Kleinrock: That's right. And more than that. I am interested in all the middleware to support that and give you the right environment and give you the transparent architecture. The first Nomadix product is rather interesting. You know those trade-show badges, the little plastic card with a magnetic stripe? You go to an exhibit and you swipe the card at the exhibitor booth — and the exhibitors are complaining like hell because they're only getting your name and company. So you get more sophisticated cards; there's all kinds of things like that.

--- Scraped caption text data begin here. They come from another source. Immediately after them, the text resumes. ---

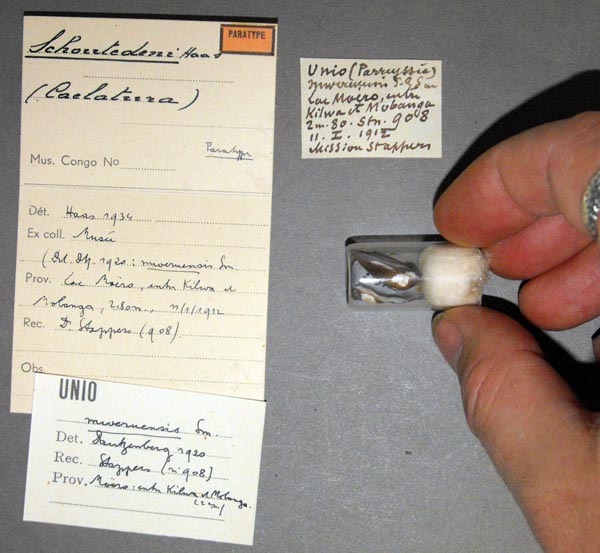 specimen
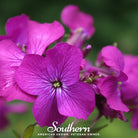 Money Plant (Lunaria biennis) - 20 Seeds seed packet from Seed Therapy – American - grown, heirloom seeds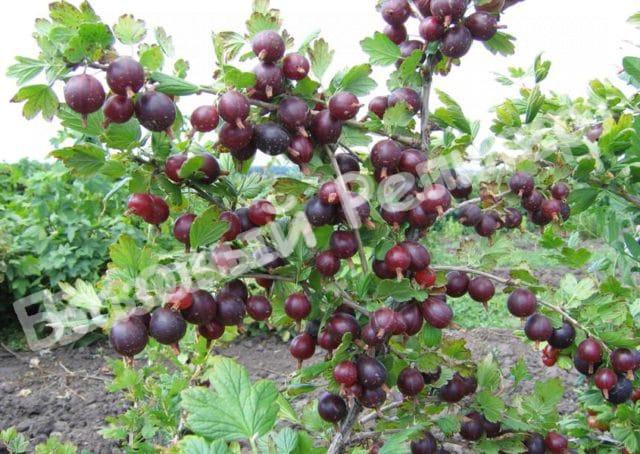 Крыжовник Спайнфри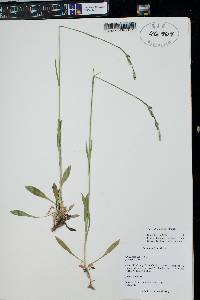 Silene drummondii image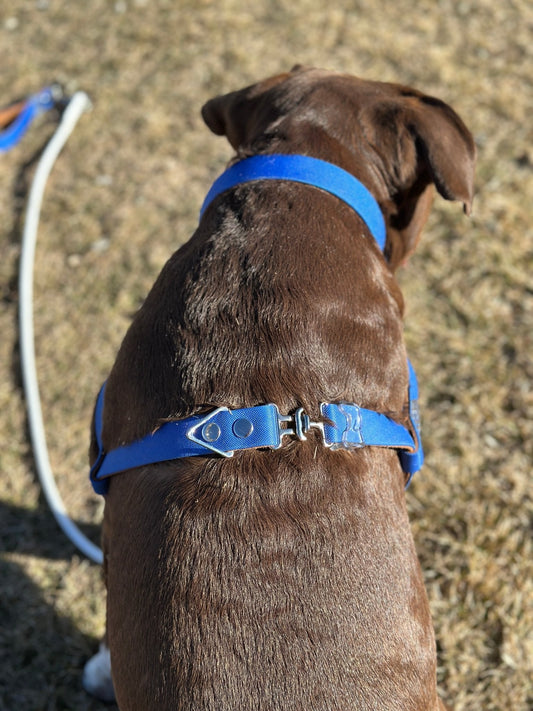 Custom Fit Harness - hundhaus.dog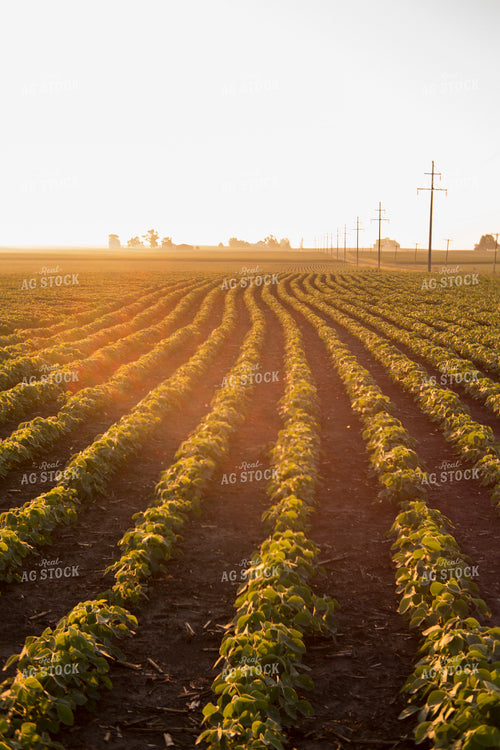 Soybeans - Mid-Season 1467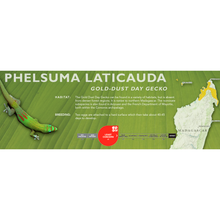 Load image into Gallery viewer, Gold-Dust Day Gecko (Phelsuma laticauda) Standard Vivarium Label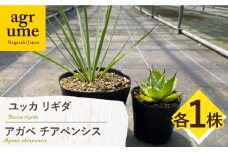 ユッカ リギダ ＆ アガベ チアペンシス 各1株 Yucca rigida ＆ Agave chiapensis 長与町/アグリューム [EAI206]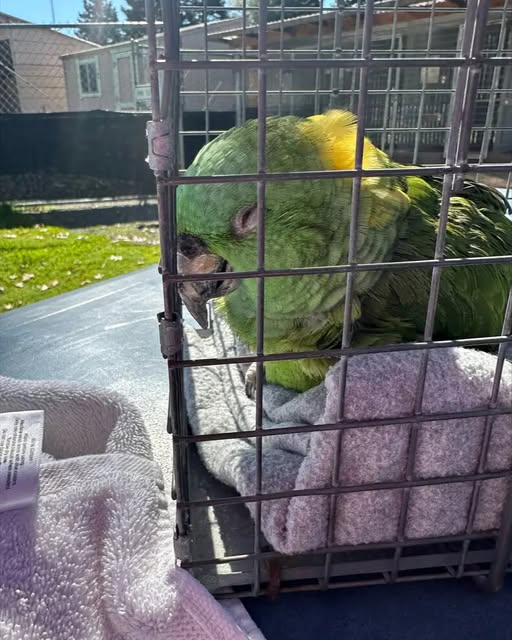 40-Year-Old Parrot Waits Alone for 2 Weeks in Empty Home, Collapses After Finally Being Rescued.,..s
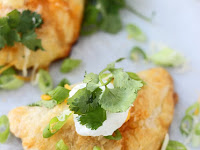 CHICKEN ENCHILADA EMPANADAS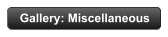 Gallery: Miscellaneous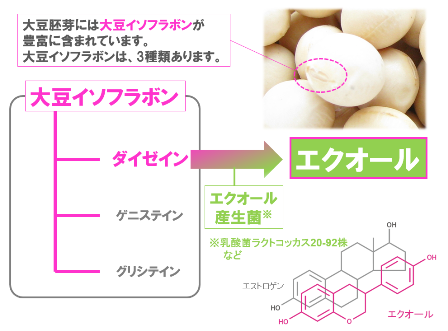 毛髪の悩みとエクオール産生能の関係についての論文を発表 大塚製薬株式会社のプレスリリース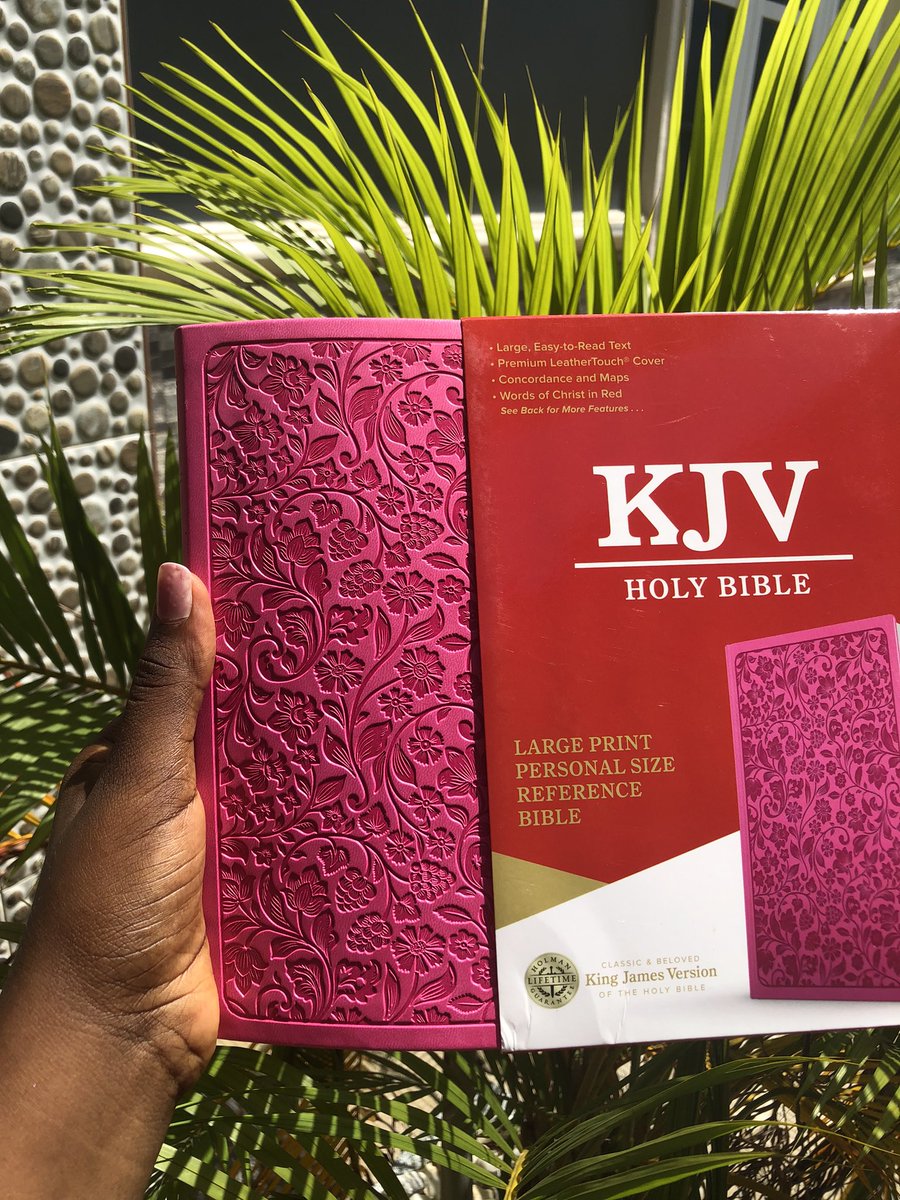 Everything Scripture Co tweet media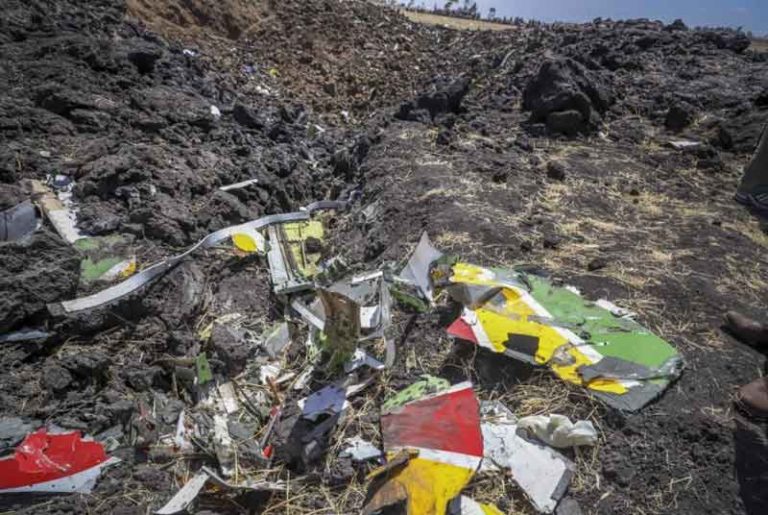Isu Semakin Liar, Boeing Tampik Ethiopian Airlines Jatuh Karena Seekor Burung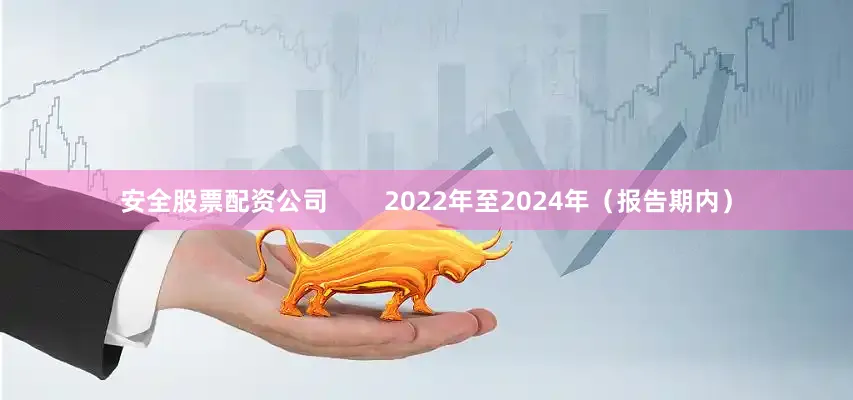 安全股票配资公司        2022年至2024年（报告期内）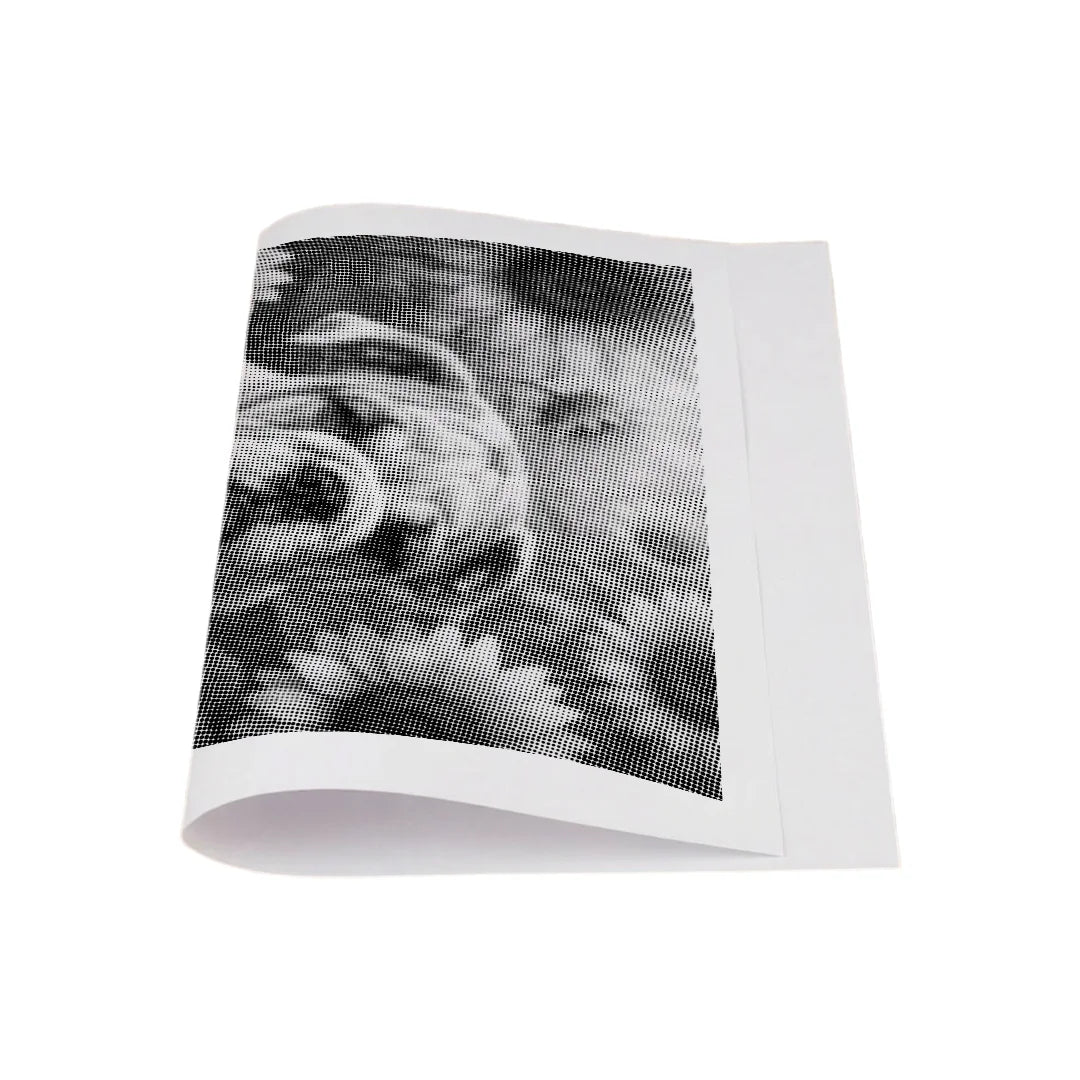 Bulldog Dot Painting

We have a new device which replaces the swipe card type of technology with a floppy disk and we call it the IDisk. Your name and other identification information is stored on the floppy when you register. When you go to a booth and insert your floppy disk into the exhibitor's laptop, he gets your information and gives you back information-either what he wanted to give you or what you select from a menu. It's right in his laptop, and it's a floppy disk which is cheap. You go from exhibitor to exhibitor. And what are you doing? First of all, you're going to take the trade show home on a disk-the brochures they give you and so on stored electronically on your disk. Secondly, we have been forming a Web page on your disk in the process. This stuff is in HTML format; you've got graphics on the disk and all of that. You go on the airplane and use Netscape, or any other browser, to navigate through all the information you have collected.. Now none of the links are hot because you're not connected. If you try to click on an exhibitor's logo, it'll indicate that you can't connect. But if you are online, then you're linked. You can go right to any exhibitor's page.

Petrie: But the local internal links are alive?

Kleinrock: Absolutely, and that's one of its really attractive features. We refer to the page on your disk as the MobileWeb. So that's our product. We've used it, for example, at the ATM Year 96 conference. It was a big hit. And it's in the process of rolling out as we speak.

Petrie: Yeah. It's like replacing key punches, isn't it? Matter of fact, IBM got rich doing that.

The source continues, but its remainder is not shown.